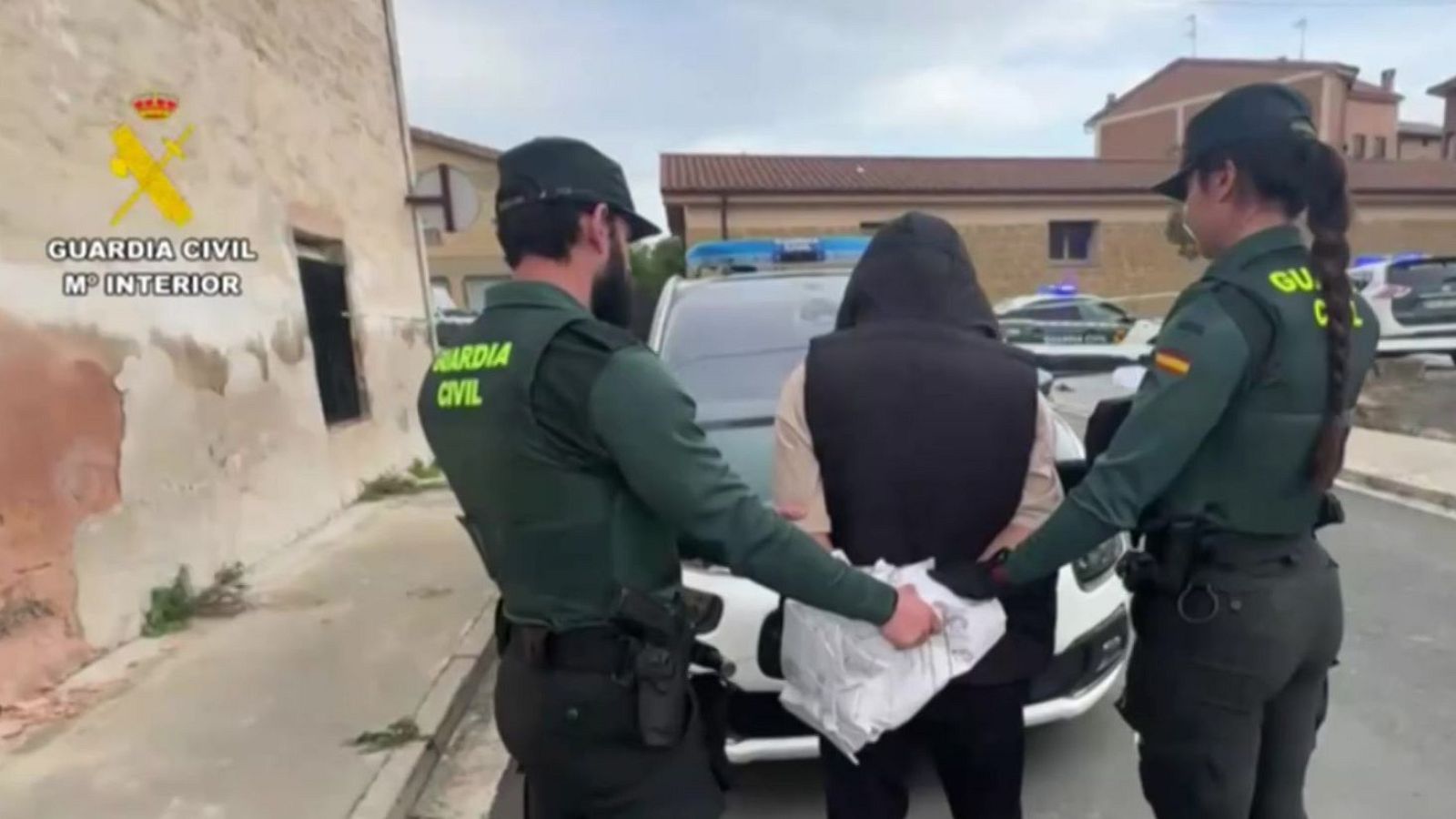 Dos agentes de la Guardia Civil uniformados custodian a una persona arrestada que lleva una sudadera con capucha, un chaleco negro, esposas y una bolsa blanca.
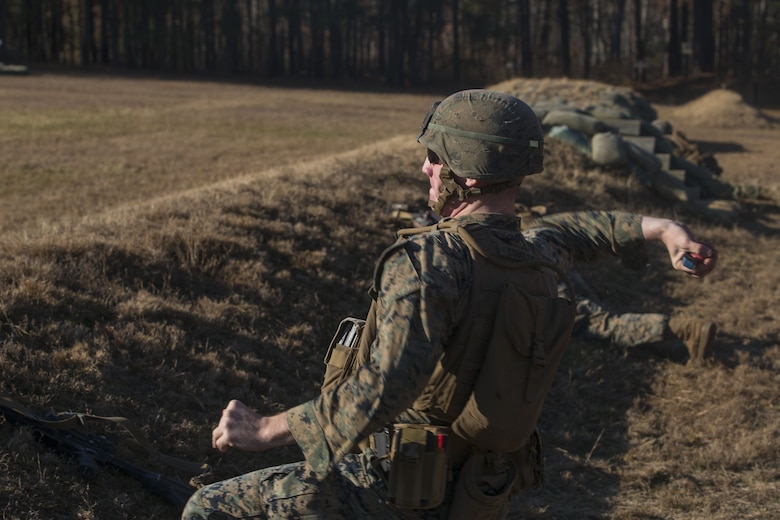 A Marine with 2nd Battalion, 8th Marine Regiment throws an M69 training grenade at a grenade range during a deployment for training exercise at Fort A.P. Hill, V.A., Dec. 1, 2017. The range consisted of the Marines reacting to enemy contact, buddy rushing, using M69 training grenades and M67 fragmentation grenades. The Marines are conducting the DFT to maintain proficiency at the squad, platoon, company, and battalion-level of warfighting in preparation for an upcoming deployment to Japan. (U.S. Marine Corps photo by Lance Cpl. Ashley McLaughlin)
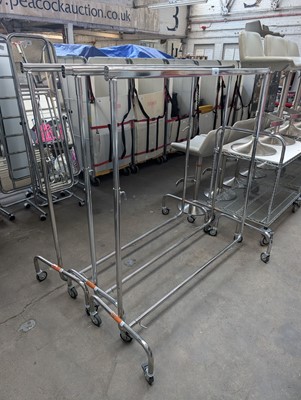 Lot 304 - Five height adjustable mobile clothes rails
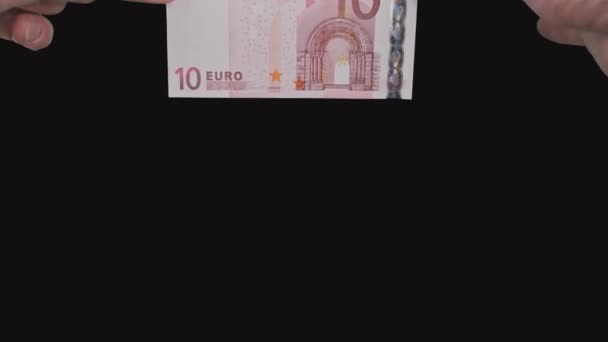 Male Hands Show a Banknote of 10 Euros From Top to Bottom with Alpha Channel — Vídeo de stock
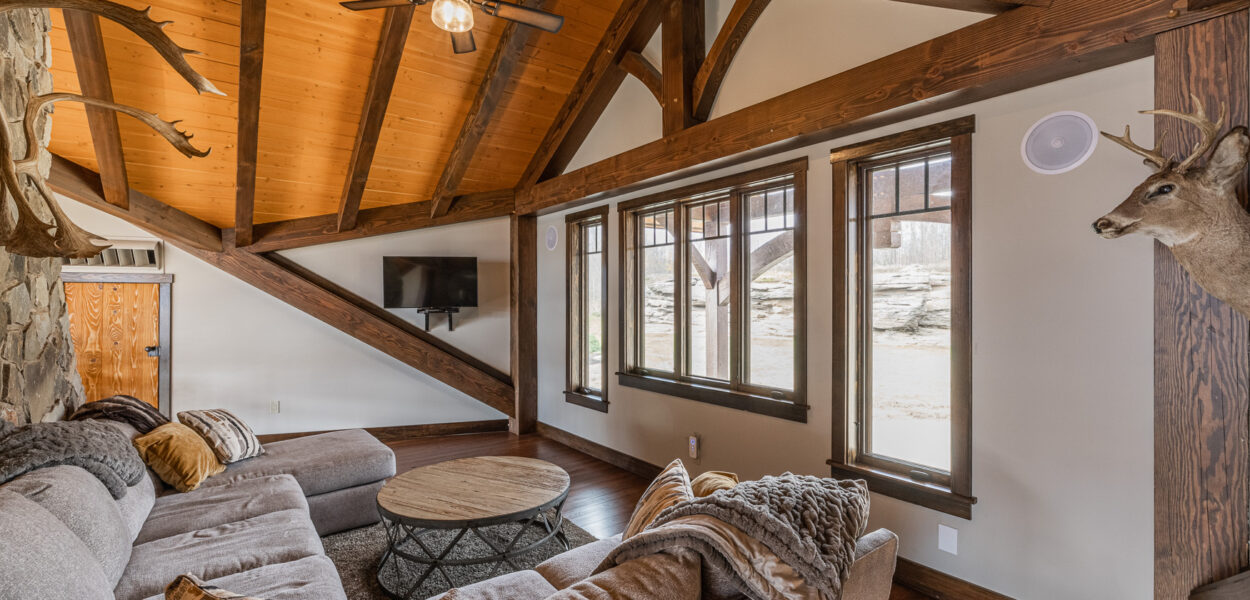 A cozy living room with vaulted wooden ceilings, exposed beams, deer head mounts, large windows, a sectional sofa with pillows and blankets, a round coffee table, and a wall-mounted TV.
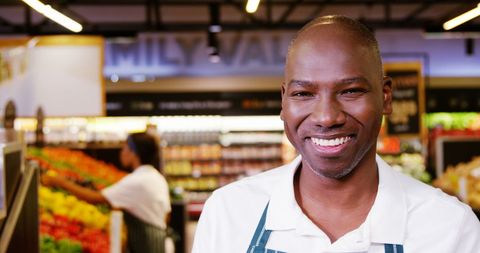 Smiling supermarket employee writing on clipboard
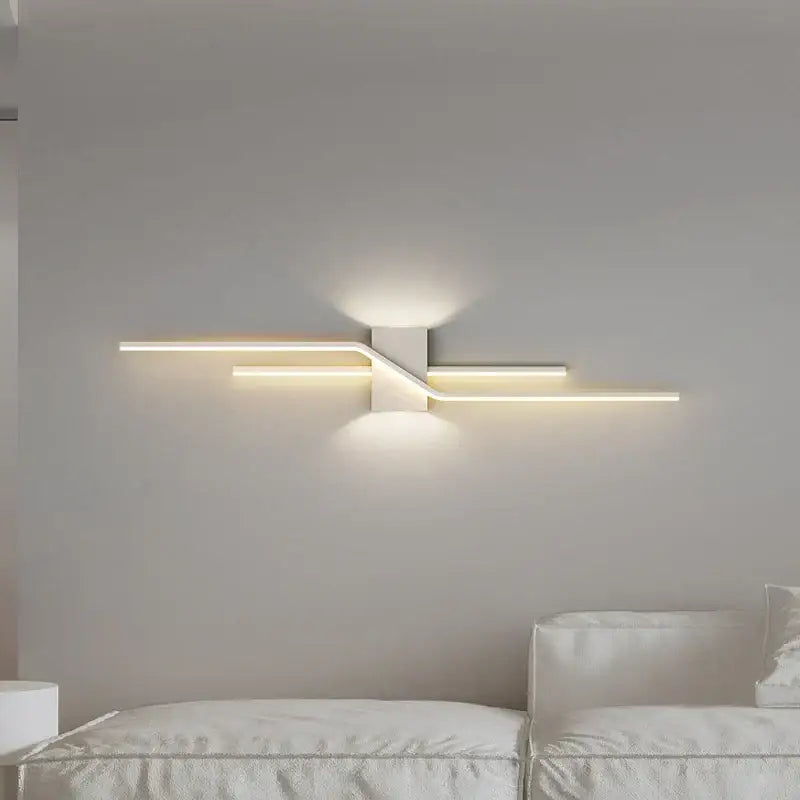 Modern white LED wall lamp with sleek angular design and warm ambient lighting for bedroom decorbites LED wall lamp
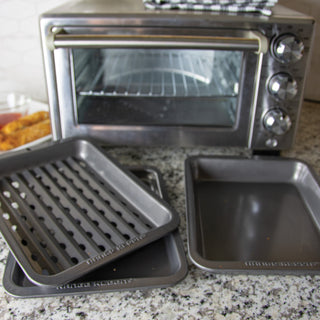 Silver toaster oven with three toaster oven bakeware pieces on a granite countertop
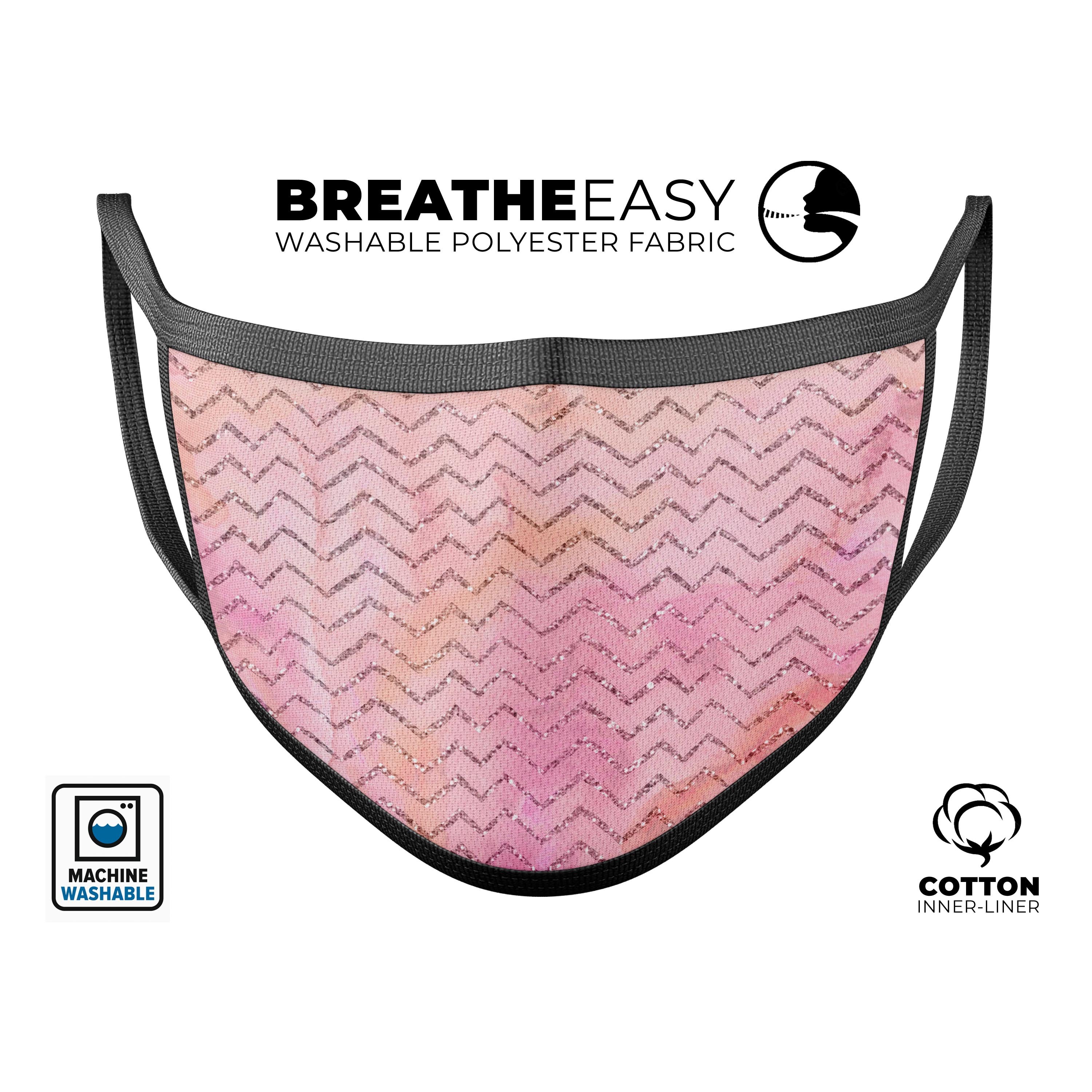 A vibrant pink abstract watercolor face mask with a sparkling chevron pattern, showcasing its unique design and adjustable ear loops.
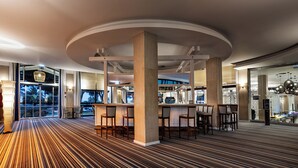 A modern hotel lobby with a curved ceiling, a bar area with stools, and a patterned carpet.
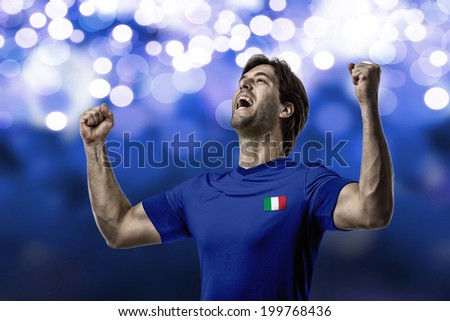 Italian soccer player, celebrating on a blue lights background.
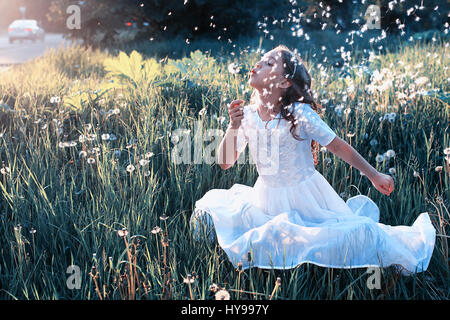 Teen girl blowing seeds à partir d'une fleur de pissenlit spring park Banque D'Images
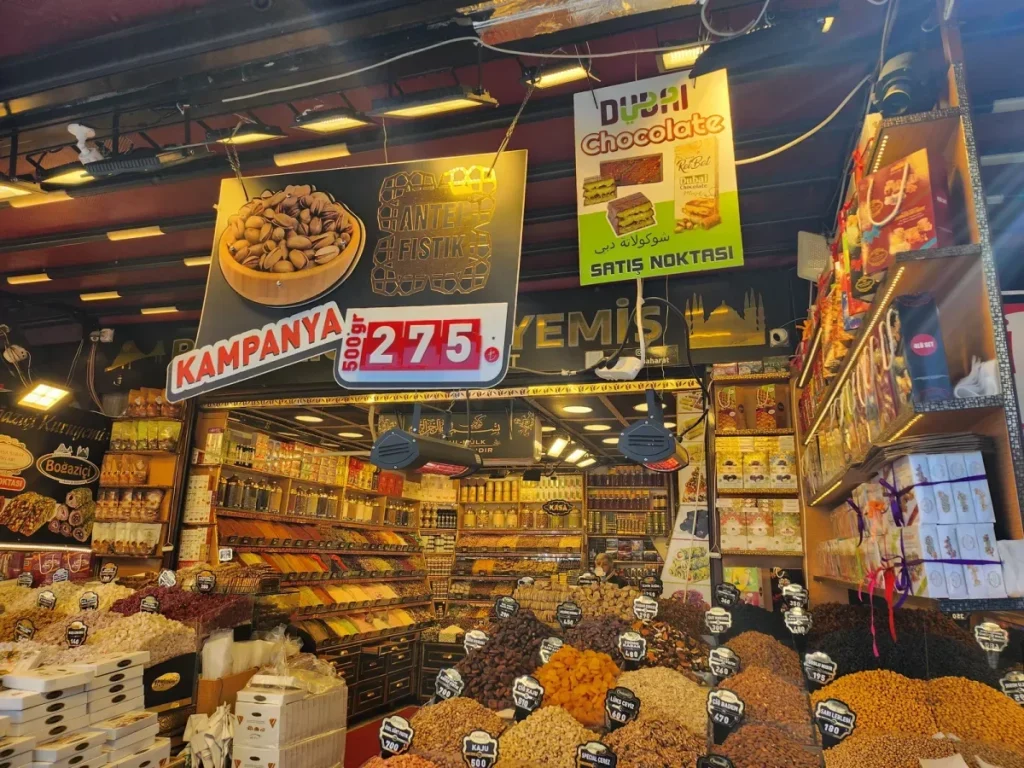 상점 내부의 화려한 디스플레이입니다. 전 세계적으로 유행한 두바이 초콜릿(Dubai Chocolate) 판매처라는 노란색 광고판도 눈에 띕니다.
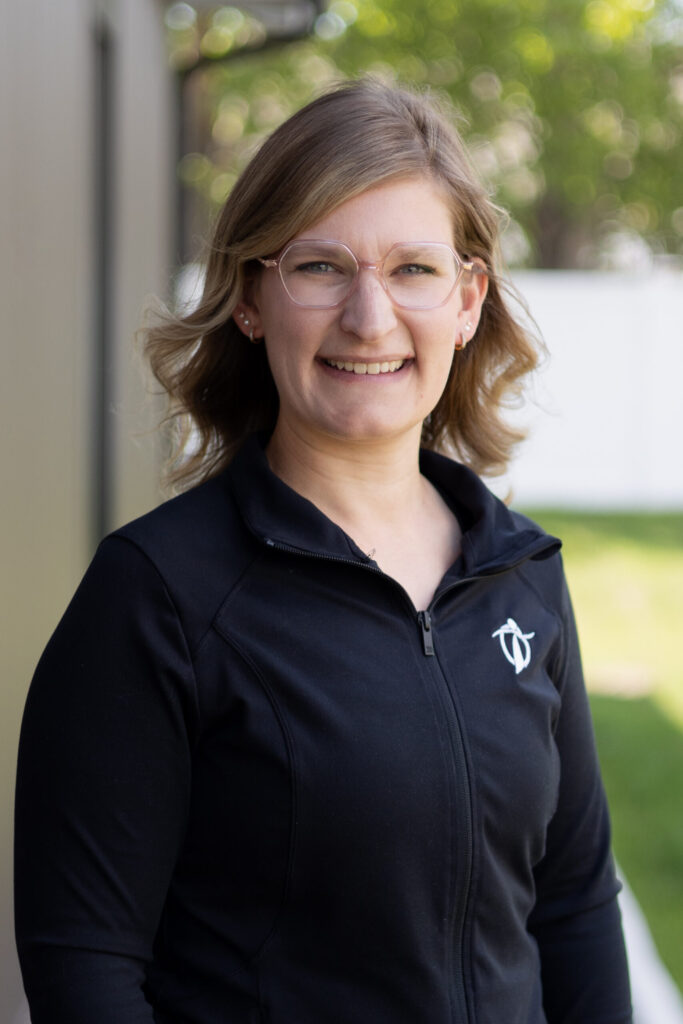 A woman with shoulder-length light brown hair and glasses smiles outdoors. She is wearing a black zip-up jacket with a white logo on the left side. The background has greenery and a white fence.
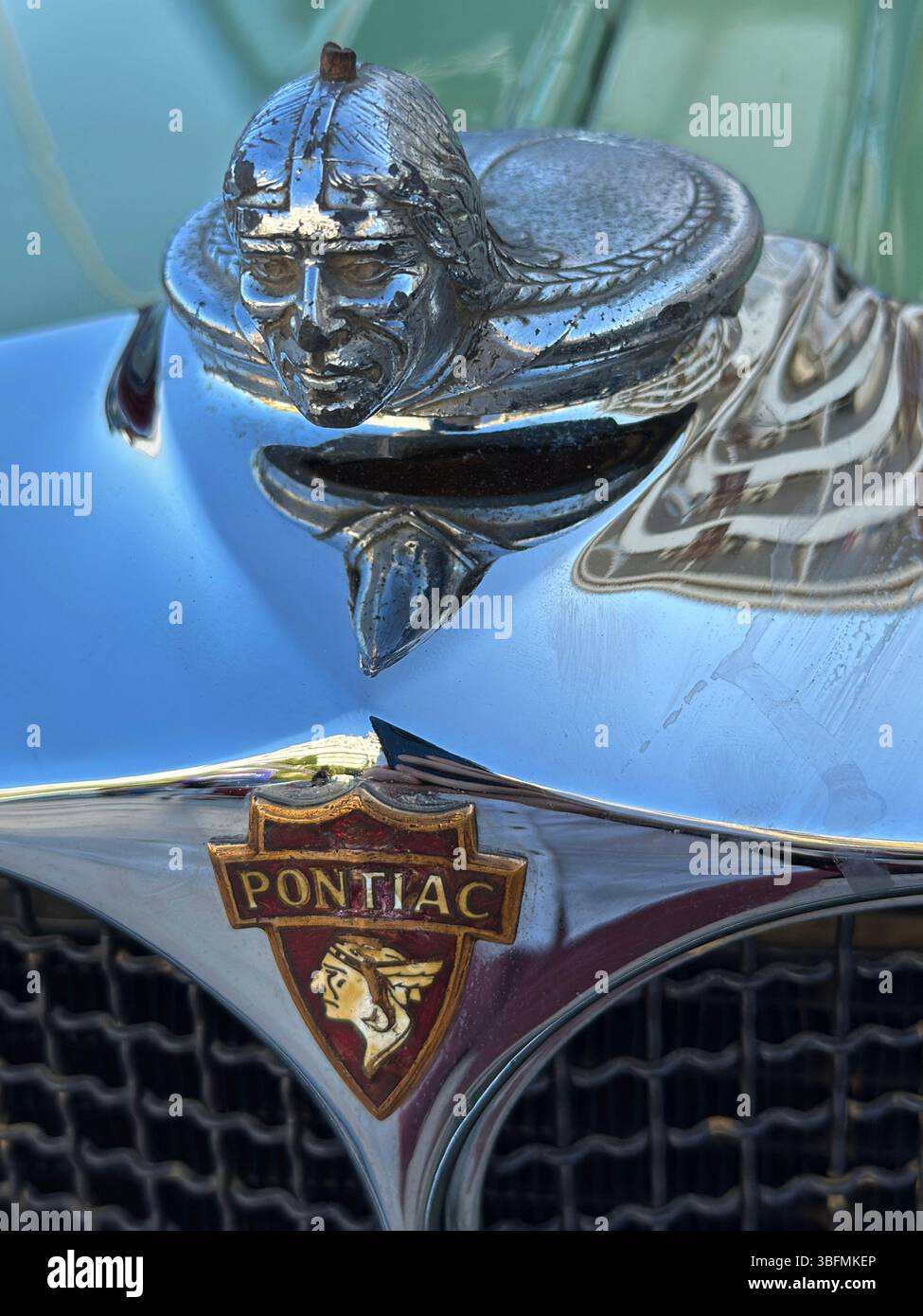 Albufeira, Portogallo - 24 maggio 2025: L'ornamento del cofano del tappo del radiatore Pontiac d'epoca viene mostrato da vicino su un'auto in una vista ravvicinata durante il giorno. Foto Stock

> **TASK**
Beginning with the line that contains "Male Hands Show" and ending with the final line of the material, reproduce those lines exactly and nothing else. Omit the pictures.

> **EXERCISE RESPONSE**
 Male Hands Show a Banknote of 10 Euros From Top to Bottom with Alpha Channel — Vídeo de stock
 A cozy living room with vaulted wooden ceilings, exposed beams, deer head mounts, large windows, a sectional sofa with pillows and blankets, a round coffee table, and a wall-mounted TV.
 Smiling supermarket employee writing on clipboard
 Modern white LED wall lamp with sleek angular design and warm ambient lighting for bedroom decorbites LED wall lamp
 Silver toaster oven with three toaster oven bakeware pieces on a granite countertop
 A vibrant pink abstract watercolor face mask with a sparkling chevron pattern, showcasing its unique design and adjustable ear loops.
 A modern hotel lobby with a curved ceiling, a bar area with stools, and a patterned carpet.
 Italian soccer player, celebrating on a blue lights background.
 Teen girl blowing seeds à partir d'une fleur de pissenlit spring park Banque D'Images
 상점 내부의 화려한 디스플레이입니다. 전 세계적으로 유행한 두바이 초콜릿(Dubai Chocolate) 판매처라는 노란색 광고판도 눈에 띕니다.
 A woman with shoulder-length light brown hair and glasses smiles outdoors. She is wearing a black zip-up jacket with a white logo on the left side. The background has greenery and a white fence.
 Albufeira, Portogallo - 24 maggio 2025: L'ornamento del cofano del tappo del radiatore Pontiac d'epoca viene mostrato da vicino su un'auto in una vista ravvicinata durante il giorno. Foto Stock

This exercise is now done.